Hawaii officials underestimated the deadly threat of wildfires even as they acknowledged a lack of necessary resources to mitigate them, according to a CNN review of state and local emergency planning documents that show how ill-prepared the state was for the disaster. 

One Maui County report on wildfire prevention from 2021 stated that while the number of acres consumed by wildfires had spiked, funds to prevent and mitigate them were "inadequate." The report also stated that the county fire department's strategic plan included "nothing about what can and should be done to prevent fires" — in what it called a "significant oversight."

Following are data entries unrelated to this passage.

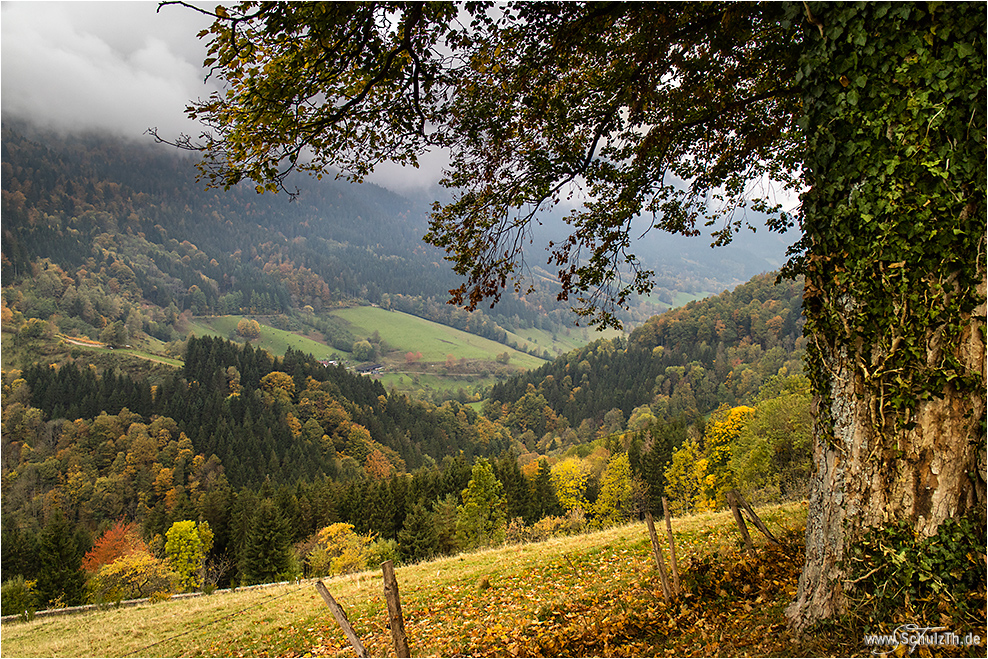 Blick ins Tal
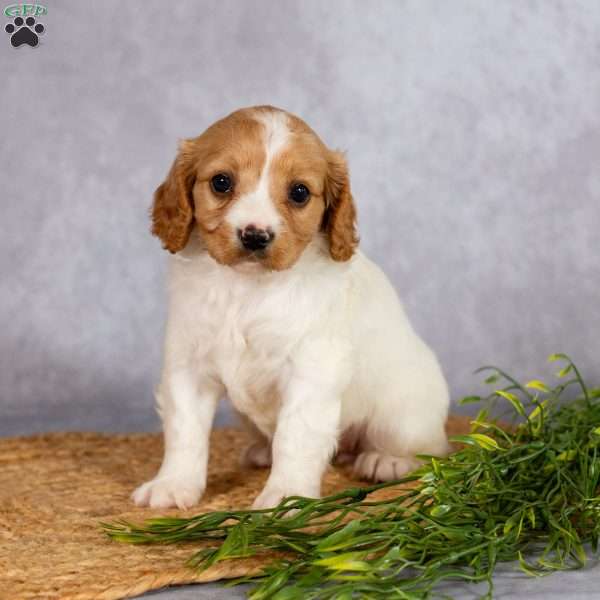 Raelyn, Cavapoo Puppy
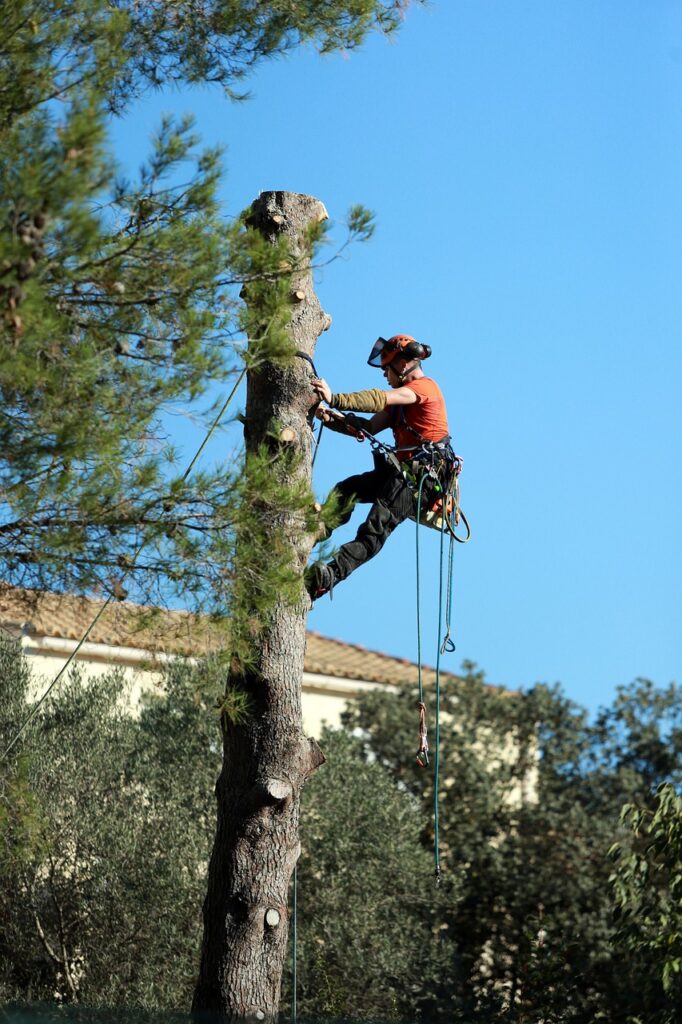 Tree removal mornington peninsula - Tree Trimming u0026 Pruning -pework, tree trimming, chopped off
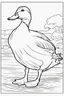 Placeholder: coloring page for kids, DUCK, thick outline, low details, no shading, no color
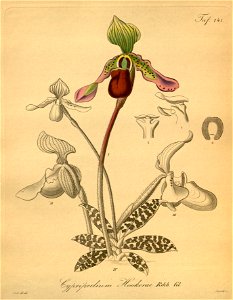 Paphiopedilum hookerae (as Cypripedium hookerae)-Xenia 2-141 (1874). Free illustration for personal and commercial use.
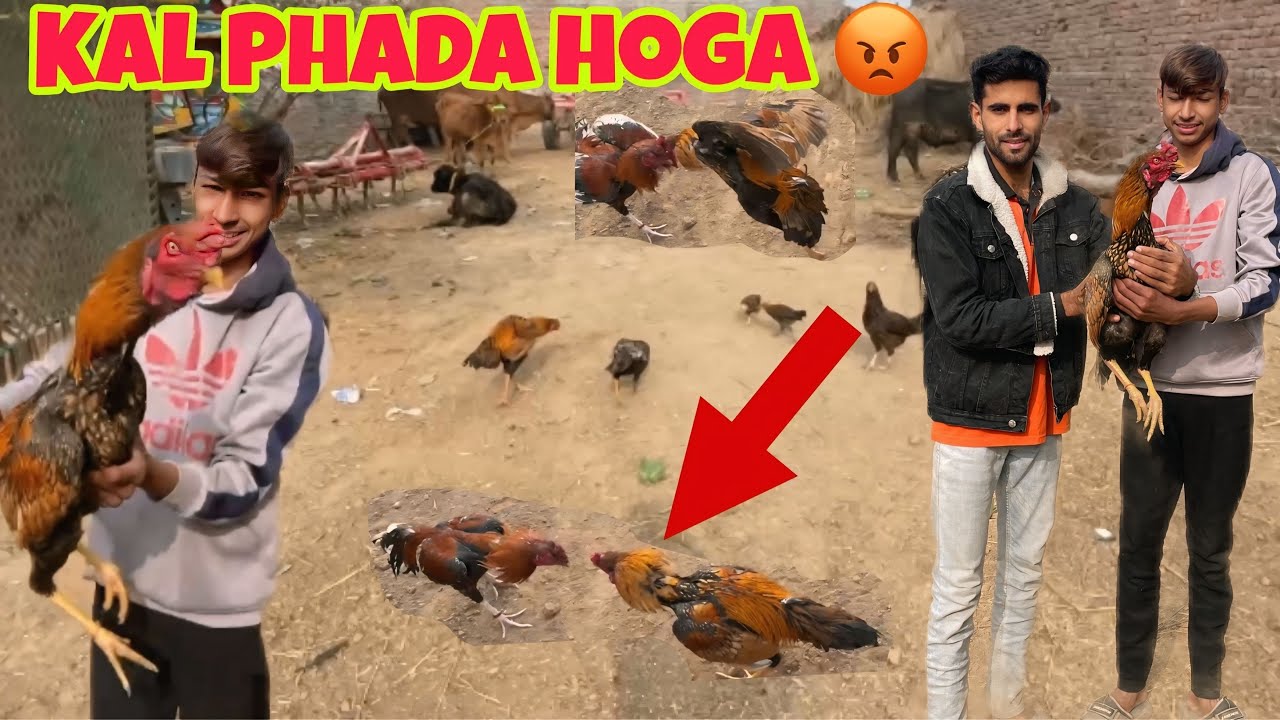 Zain Aur Mera Murga Ka Big Phada Kal Hoga😱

The report recommended a thorough risk assessment of fire hazards, but it's not clear whether officials heeded the recommendation. 

Other reports over the past five years show authorities knew the risk of fires was increasing and could be exacerbated by hurricane-force winds — like the Lahaina blaze was.

"Fires occurring as a result of and concurrent with another major threat or disaster, such as a hurricane, are particularly challenging," one report stated, with first responders and firefighters stretched to capacity. During this week's fires, Hurricane Dora was hundreds of miles south of Maui, but the storm's winds still fanned flames on the island.

The state emergency management agency's public resources webpage also lays out clear, bullet-point recommendations of what residents should do in the event of a hurricane, tsunami, flash flood or earthquake. At the bottom of the page, the agency includes two short paragraphs about wildfires — with no similar advice on ways to stay safe.

Hawaii and Maui County officials didn't immediately respond to requests for comment Friday as disaster response efforts continued.

 Read the full investigation

4:26 p.m. ET, August 11, 2023

Jeff Bezos and Lauren Sánchez pledge $100 million to Maui recovery

From CNN’s Andy Rose

Amazon founder Jeff Bezos and his fiancée are pledging $100 million to recovery efforts in Maui, Lauren Sánchez announced on her Instagram account Friday.

“Jeff and I are heartbroken by what’s happening in Maui,” Sánchez wrote. “We are thinking of all the families that have lost so much and a community that has been left devastated."
She added: "Jeff and I are creating a Maui Fund and are dedicating $100 million to help Maui get back on its feet now and over the coming years as the continuing needs reveal themselves."

Bezos and Sánchez have been together since 2019 and were engaged earlier this year, a source told CNN in May.

Bezos is the executive chair of the Amazon board of directors and owns the Washington Post.